The UK faces possibly one of the most dangerous set of economic conditions in a generation and at this time the SNP decides to concentrate resources on launching the “Yes Scotland” campaign two years before a likely referendum and when it is patently obvious the UK must remain “together” and act as one to face this economic crisis that may well erupt as and when Greece exits the euro and the investment markets turn their attention to Spain.

Our First Minister should forget about the “four Cs” – Celebrity, Connery, Cumming and Cox – and concentrate on the economic conditions.
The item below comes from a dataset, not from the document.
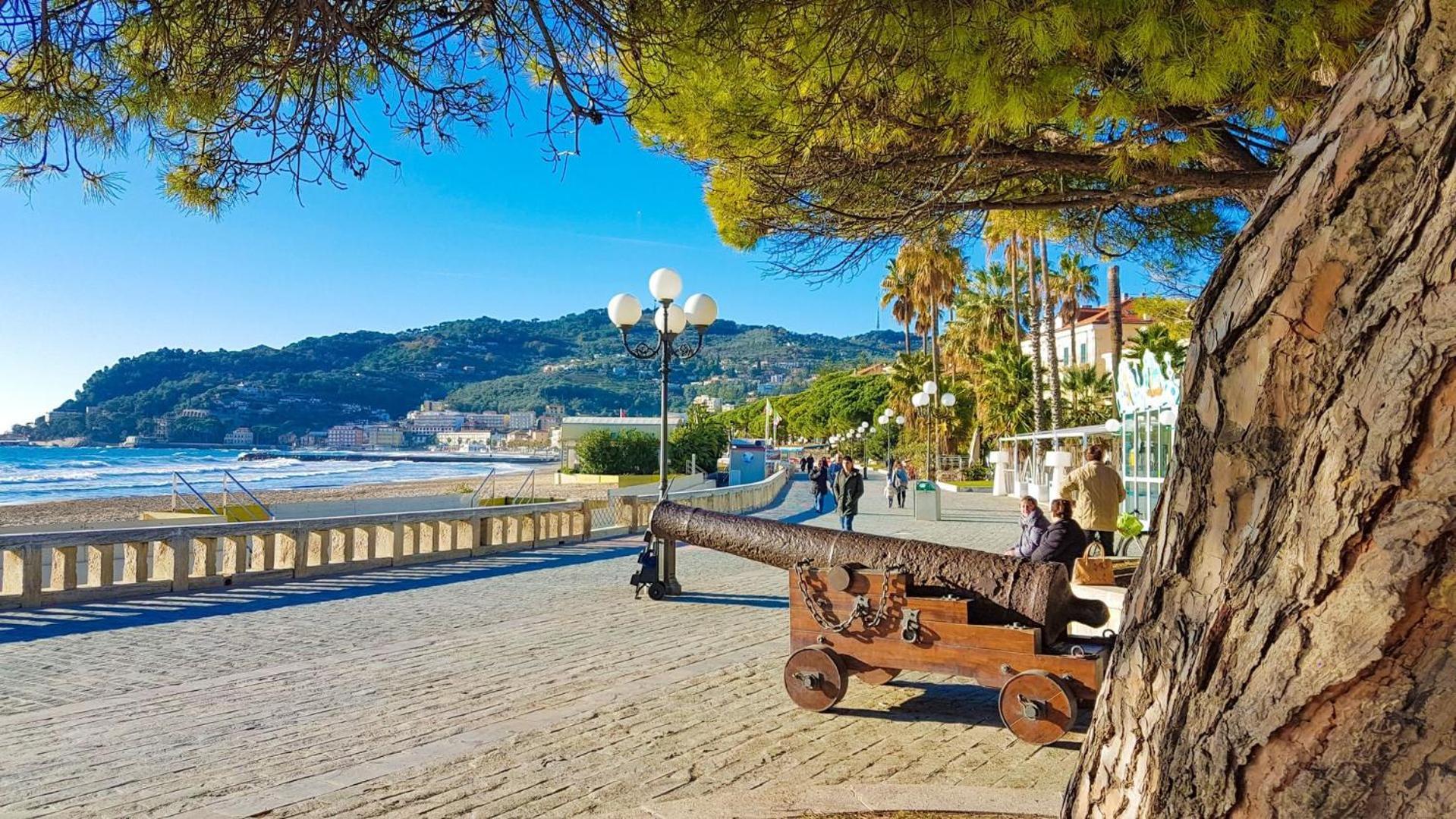 Diano San Pietro Casa Bisou Italia Wifi Et Parking Free Privatoヴィラ エクステリア 写真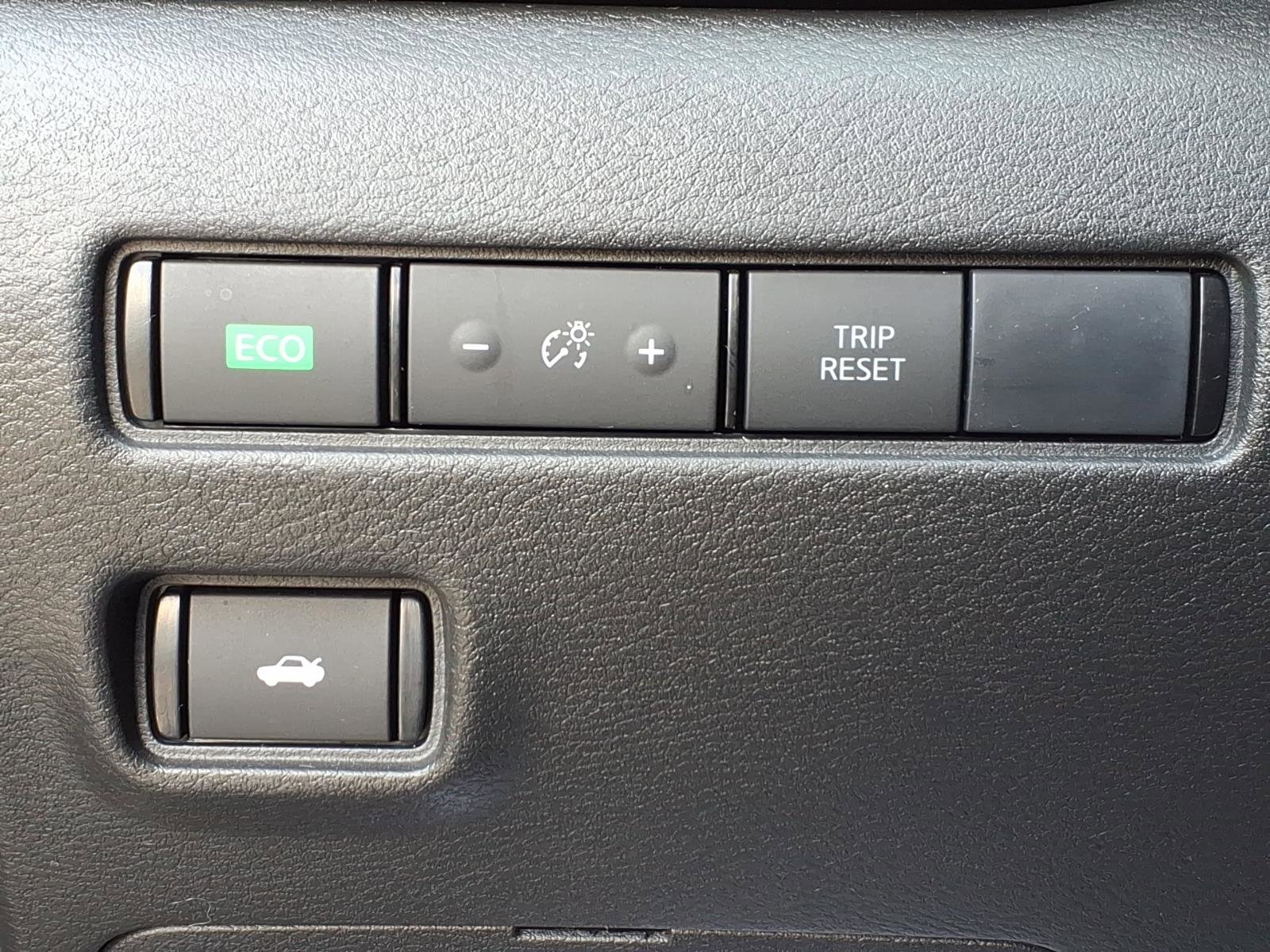 Certified 2023 Nissan Sentra SV image 30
Clearly Scotland does not have the fire power to act alone or protect alone. We will face this crisis stronger as one and not apart.

RICHARD ALLISON

Braehead Loan

Edinburgh

Amidst all the gloom and doom that is the euro crisis, it was rather refreshing to hear the optimism at the launch of the Independence for Scotland “Yes” campaign.

Politicians joining with notable individuals and organisations with a clear vision and enthusiasm for Scotland’s future – a future without walls, with seats at the top table in international negotiations that will affect Scotland, and equal partnerships with other nations.

This enthusiasm was emphasised when Scotland’s First Minister Alex Salmond called for one million signatures to sign the pledge, a pledge committing Scotland to an independent future.

Is this achievable? On examination of previous elections in Scotland during my life time, including referendums, it may well be.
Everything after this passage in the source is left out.